James Augustine Skipper (born January 23, 1949) is a former American football coach who was best known for being the running backs coach for the Carolina Panthers of the National Football League (NFL) for 15 years (over two separate stretches). He was also the offensive coordinator for the New York Giants for three years, starting in 1997.

Early years
A native of Brawley, California, Skipper was an all-conference selection at Imperial Valley College, where he led the league in kickoff returns. He then transferred to Whittier College, where he played defensive back and he paced the conference in punt returns during his career. Skipper holds a B.A. degree in physical education from Whittier.

Coaching career
Skipper began his coaching career at California State Polytechnic University, Pomona, where he coached the defensive backs from 1974-1976.  After coaching the defensive backs for two seasons at San Jose State University, Skipper moved to the offensive side of the ball, coaching the running backs at University of the Pacific in 1979.  He then went on to coach the running backs at University of Oregon from 1980-1982 before he made the jump to the professional ranks.
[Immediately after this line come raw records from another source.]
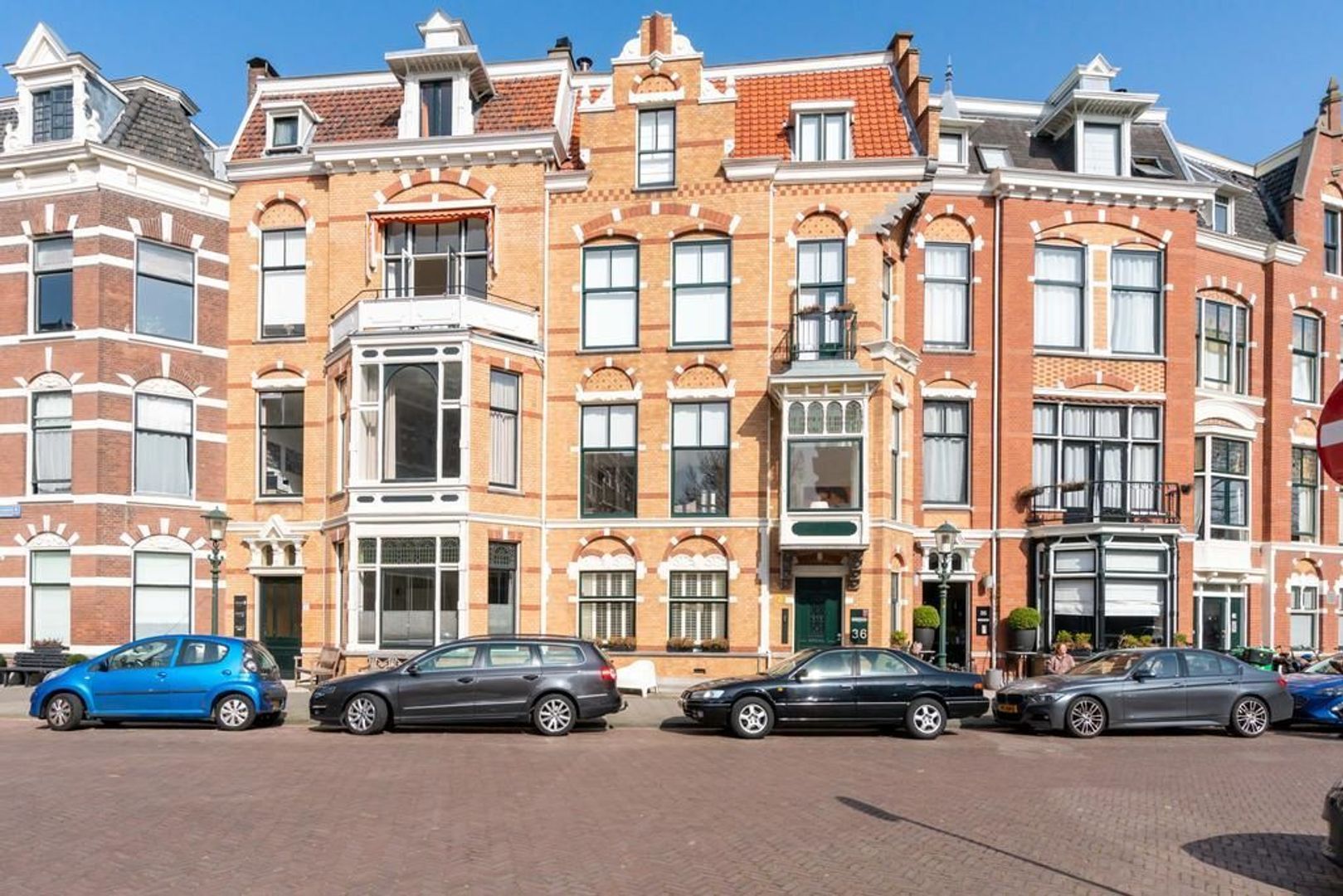 Sweelinckplein 36 .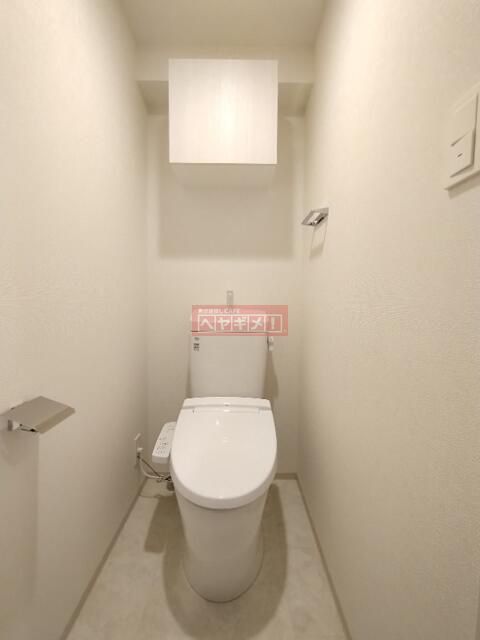 トイレ　※別号室の参考写真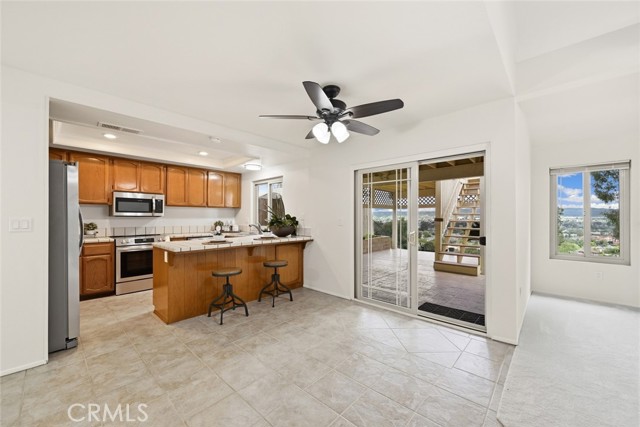 Detail Gallery Image 10 of 45 For 2439 Nielsen St, El Cajon,  CA 92020 - 3 Beds | 2/1 Baths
Skipper started his professional coaching career with the Philadelphia/Baltimore Stars of the United States Football League from 1983-1985.  He then moved on to the National Football League with the New Orleans Saints.  Starting in 1986, Skipper served as the running back coach till 1995. During his 10-year tenure with New Orleans, Skipper coached two Pro Bowlers, Rueben Mayes in 1986 and 1987 and Dalton Hilliard in 1989. Mayes' 1,353 yards in 1986 and Hilliard's 1,262 in 1989 still stand among the 10 highest single-season rushing totals in Saints history.  He became the running backs coach for the Carolina Panthers since 2002.  In 2009, Skipper helped make NFL history as two of his running backs, DeAngelo Williams and Jonathan Stewart, became the first set of teammates ever to rush for over 1,100 yards in the same season.  He was announced as the running backs coach for the Tennessee Titans on February 18, 2011.  He returned to the Carolina Panthers coaching staff in 2013, coaching running backs.

In the 2015 season, Skipper and the Panthers reached Super Bowl 50 on February 7, 2016. The Panthers fell to the Denver Broncos by a score of 24–10.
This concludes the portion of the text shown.